Schweitzer disclosed plans for the expansion in Mexico during an open house last week in Pullman to mark the completion of more than $20 million worth of projects on SELs bustling, hillside campus just north of the Washington State University campus.


Those projects included construction of a new 90,000-square-foot, five-story corporate headquarters, a 17,000-square-foot events center, and a 100,000-square-foot addition to the companys manufacturing plant there, boosting the latter facility to more than 200,000 square feet. The events center was completed last fall, and SEL moved into the new headquarters building over the fall and winter months.


They were the 10th and 11th structures the company has built or bought in that hillside area. The company began using the added manufacturing space about two months ago. (See separate photo of SELs campus on page B22.)


ALSC Architects PS and Lydig Construction Inc., both of Spokane, were the architect and general contractor on those projects.


SELs current work force of about 1,400 people worldwide is up about 100 from a year ago. More than 1,000 of those employees work in Pullman. In all, the company has 36 domestic and 26 international service centers and sells products in 119 countries.


Along with the plants in Pullman and Monterrey, it has a manufacturing facility in Lake Zurich, Ill., operated by E.O. Schweitzer Manufacturing Co., which SEL acquired three years ago and now operates as a division of the parent company. Ed Schweitzers father had started that company in 1949.

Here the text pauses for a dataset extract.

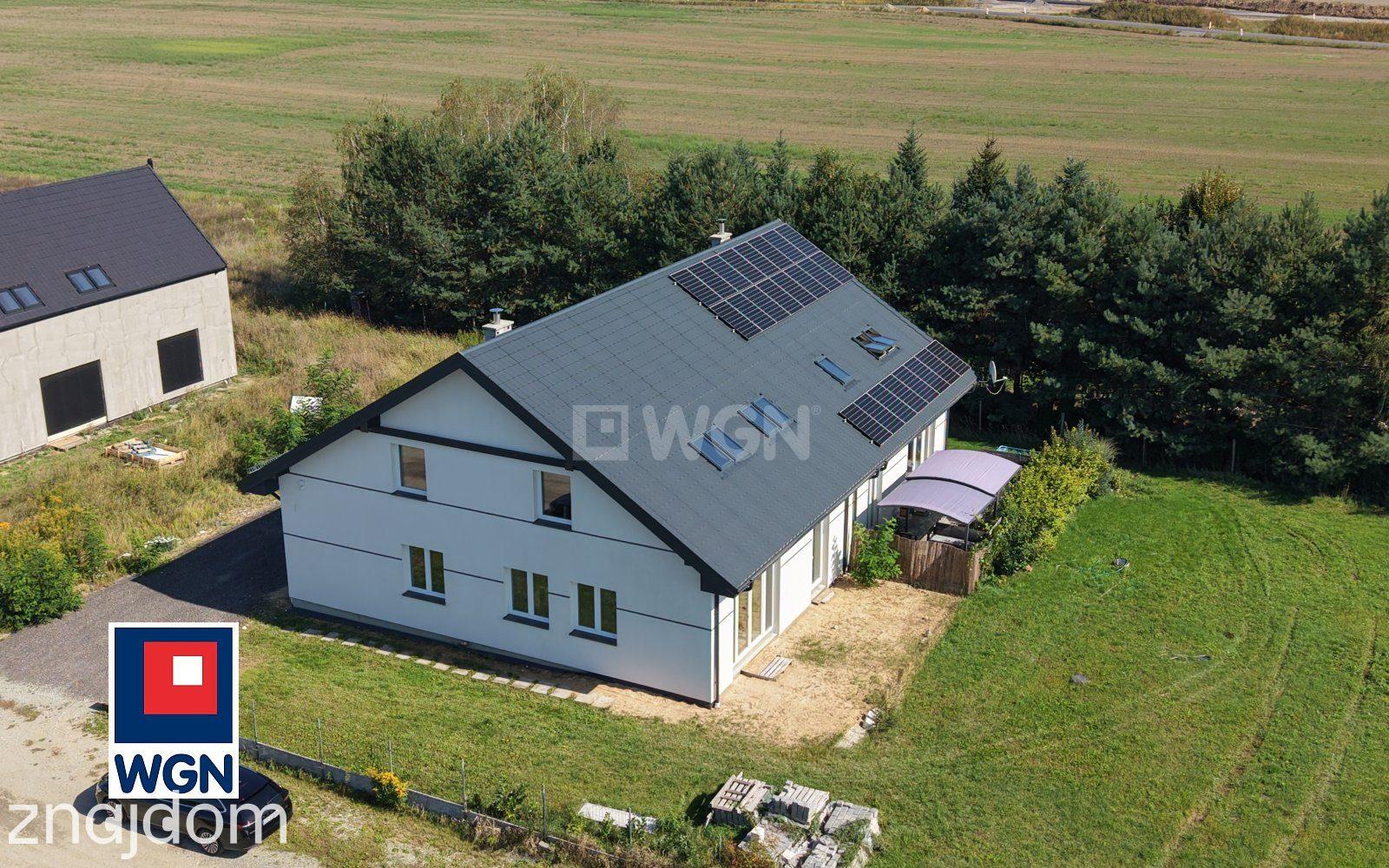 Dom na sprzedaż Nowiny - Nowiny, działka 700m2, bliźniak 168 m2 - zdjęcie 10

Schweitzer is a strong advocate of hiring locally, or domestically, rather than sending work outside the U.S., and spoke pointedly about that preference last week as a guest speaker at the Spokane Valley Chamber of Commerces annual meeting.


He says, though, that SELs Mexican operation, which is administered through a wholly owned subsidiary called SEL Mexico, is important because about half of its production is sold to customers in Mexico.


The company is continuing to build at its Pullman manufacturing plant all of the transceivers, controllers, protective relays, and other high-tech, digital components that it sells.